A longitudinal study of pathology test ordering by GP registrars, published in the Medical Journal of Australia this month, is interesting in a curious kind of way.
The authors were surprised to find that rates of test ordering increased 11% through each term of a registrar’s training.
Perhaps, they conclude, registrars have too much clinical independence through the latter stages of their training. Maybe increased supervision would be a solution.
This backs what GP supervisors have been saying for years: registrars’ need for teaching and supervision as they progress through their training is not a straight-line path.

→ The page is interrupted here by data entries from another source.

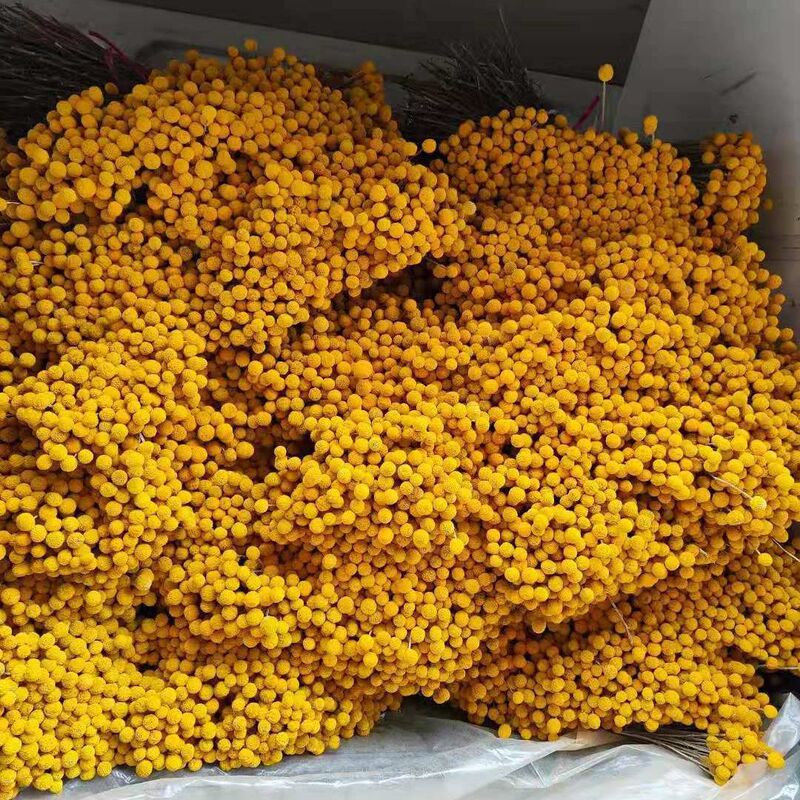 Gold ball dried flower wholesale Yunnan dried flower gold ball with dried flower gold ball gold ball accessories flower manufacturers Gold ball dried flower wholesale Yunnan dried flower gold ball with dried flower gold ball gold ball accessories flower manufacturers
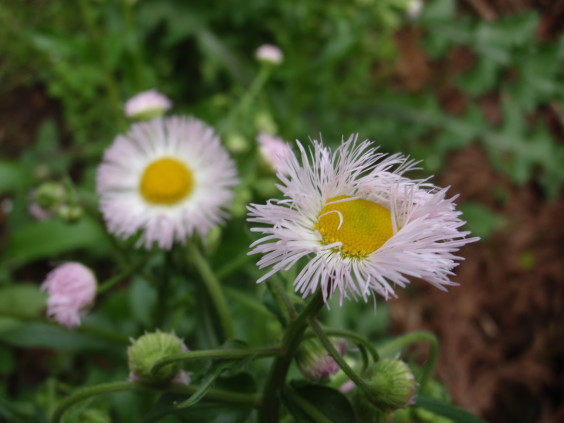 ハルジオンの花が開こうとしています ちびこの植物図鑑 身近な草花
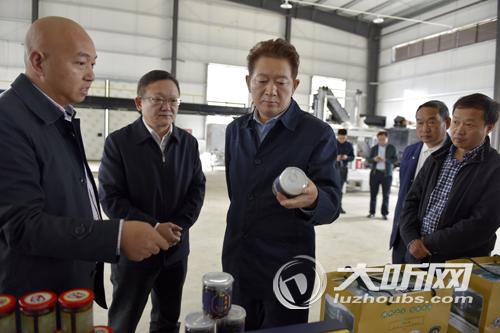 市委副书记、市政府党组书记杨林兴古叙调研(图2)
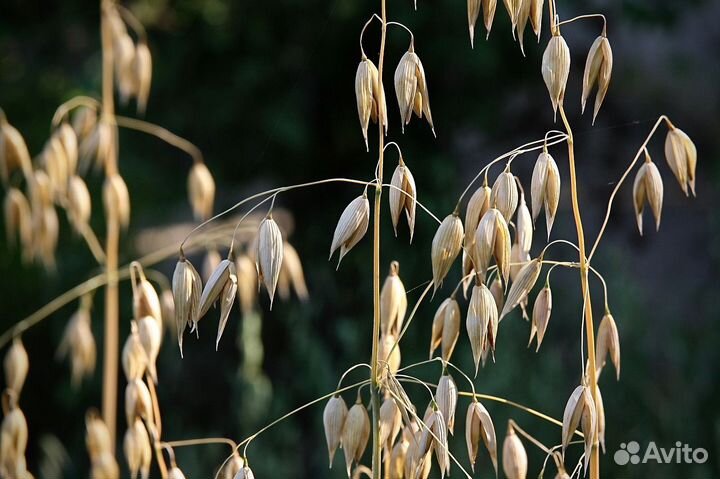 Продается овес с горохом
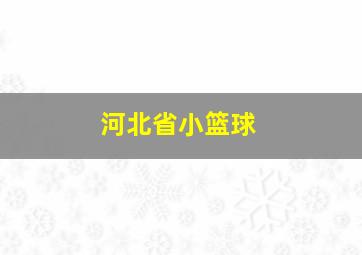 河北省小篮球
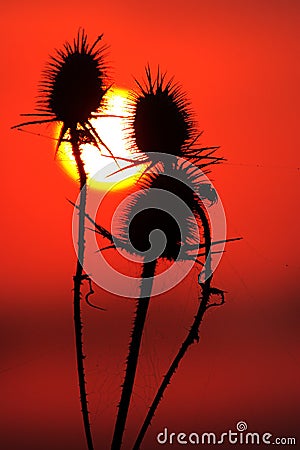 Cutleaf teasel with sun at sunset Stock Photo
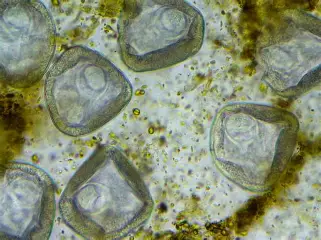 <p>Scientific and Common Name? (Cattle, sheep, and goats)</p>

At some points in their later training, registrars need more teaching and supervision, not less. And supervisors need to be supported to deliver better outcomes.
This is particularly the case as they move to more independent practice as a senior registrar.
For 20 years we have been in stasis.
Firstly, government funding for GP supervisor teaching hours has remained static on a declining basis.
Secondly, few Regional Training Organisations fund dedicated teaching after a registrar’s first year of training.
What does this mean in practice?
It means GP supervisors are paid for just three hours per week to teach a GP registrar in their first term (first six months) and just 1.5 hours per week in their second term (second six months).
In terms three and four, GP supervisors generally aren’t paid at all.
GP Supervisors Australia recently met with Federal Minister for Health Greg Hunt and his ministerial colleagues Dr David Gillespie and Ken Wyatt.
The key message we delivered was that a poorly trained GP registrar delivers a costly blow to the Australian healthcare system – one that continues to cost the taxpayer for decades.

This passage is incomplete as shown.